Bisnis.com, JAKARTA – Kesatuan Nelayan Tradisional Indonesia (KNTI) meminta Satuan Tugas Pemberantasan Penangkapan Ikan Secara Ilegal (Satgas 115) untuk berkoordinasi dengan Kementerian Perhubungan sebelum menenggelamkan kapal pencuri ikan pada 17 Agustus 2016.
Ketua KNTI Kepulauan Riau Indra Jaya mengatakan koordinasi itu mutlak dilakukan karena kapal yang ditenggelamkan dapat menganggu alur pelayaran. Dia mencontohkan perairan Batam, Kepri, yang merupakan salah satu titik penenggelaman kapal, ramai dilalui kapal-kapal domestik dan mancanegara.

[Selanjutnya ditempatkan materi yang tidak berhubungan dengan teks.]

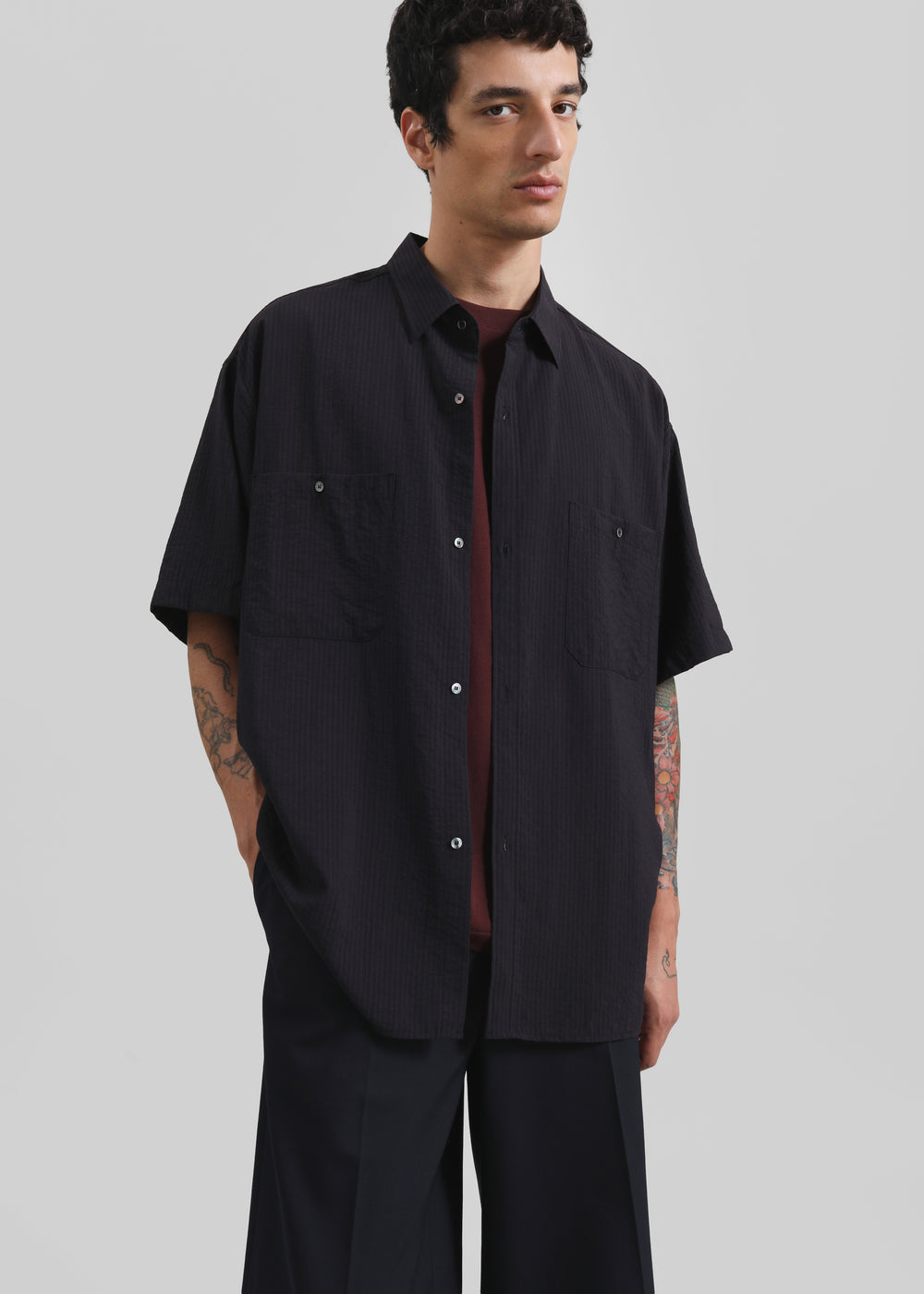 Preston Fluid Striped Shirt - Black - 1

“Satgas 115 harus ada koordinasi dengan Direktorat Jenderal Perhubungan Laut Kemenhub. Kalau tidak berbahaya bagi pelayaran dan jalur melaut nelayan,” katanya kepada Bisnis.com, belum lama ini.

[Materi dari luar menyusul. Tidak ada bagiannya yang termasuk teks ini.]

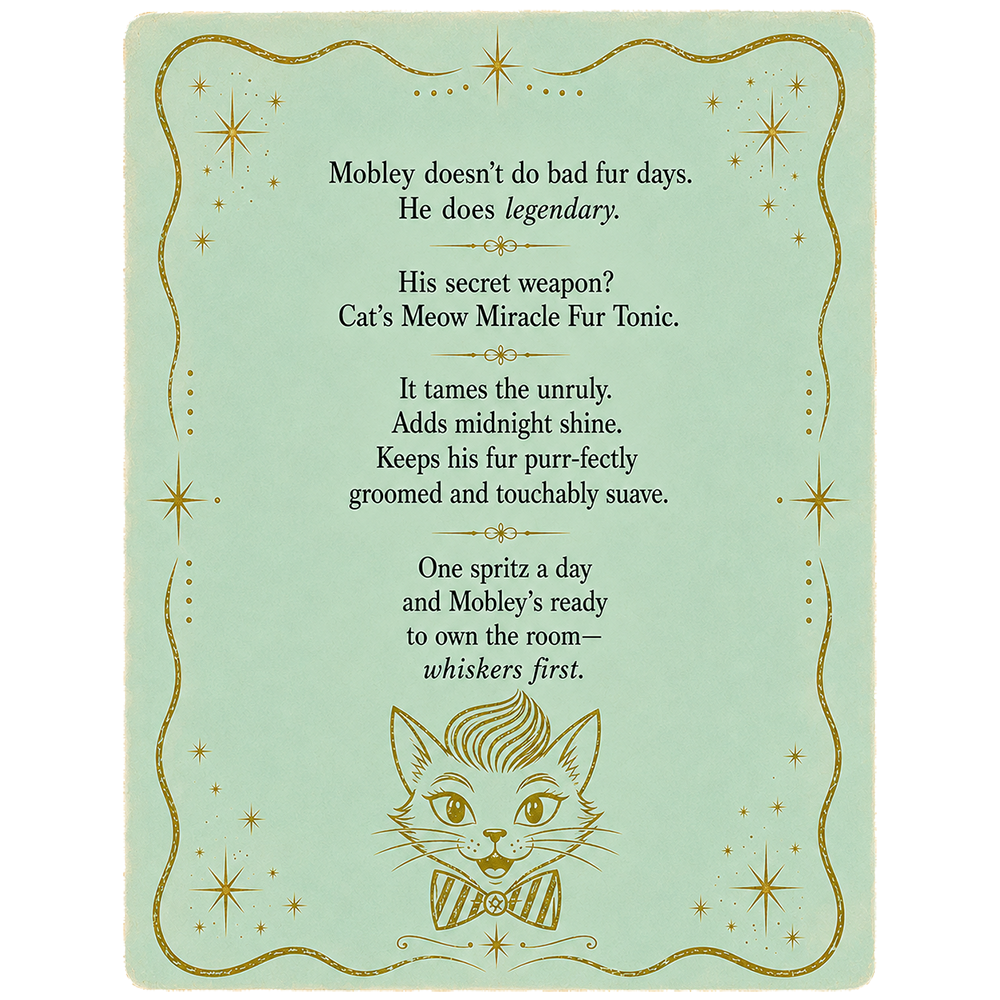 Cat's Meow Miracle Fur Tonic decorative card with cat illustration and gold star accents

Sebagaimana diketahui, Satgas 115 pada 17 Agustus 2016 akan menenggelamkan 71 kapal pencuri ikan (tetapi kini baru tersedia 34 kapal) di delapan lokasi. Selain Batam, lokasi penenggelaman a.l Tarakan, Bitung, Sorong, dan Morotai.
Kementerian Lingkungan Hidup dan Kehutanan (KLHK) sebelumnya telah mengirimkan surat kepada Kementerian Kelautan dan Perikanan (KKP), selaku komponen Satgas 115, agar memperhatikan faktor jalur transportasi laut sebelum menenggelamkan kapal.
Direktur Jenderal Konservasi Ekosistem KLHK Tachrir Fathoni mengatakan penenggelaman kapal tidak boleh dilakukan di laut dangkal. Menurutnya, hal ini dapat menganggu jalur transportasi yang digunakan armada perkapalan lain.
KLHK juga meminta Satgas 115 tidak menenggelamkan kapal berdekatan dengan kawasan konservasi. Selain itu, kapal harus dipastikan tidak menyimpan limbah berminyak seperti oli yang bisa mencemari laut.
Tachrir mengingatkan penenggelaman kapal pencuri ikan harus memperhatikan aspek pelestarian lingkungan. Menurutnya, tiga syarat tersebut tetap berlaku untuk berbagai skema penenggelaman kapal, baik menggunakan bahan peledak maupun dengan pembocoran lambung kapal.
“Kalau aspek lingkungan aman silahkan saja tenggelamkan,” ujarnya.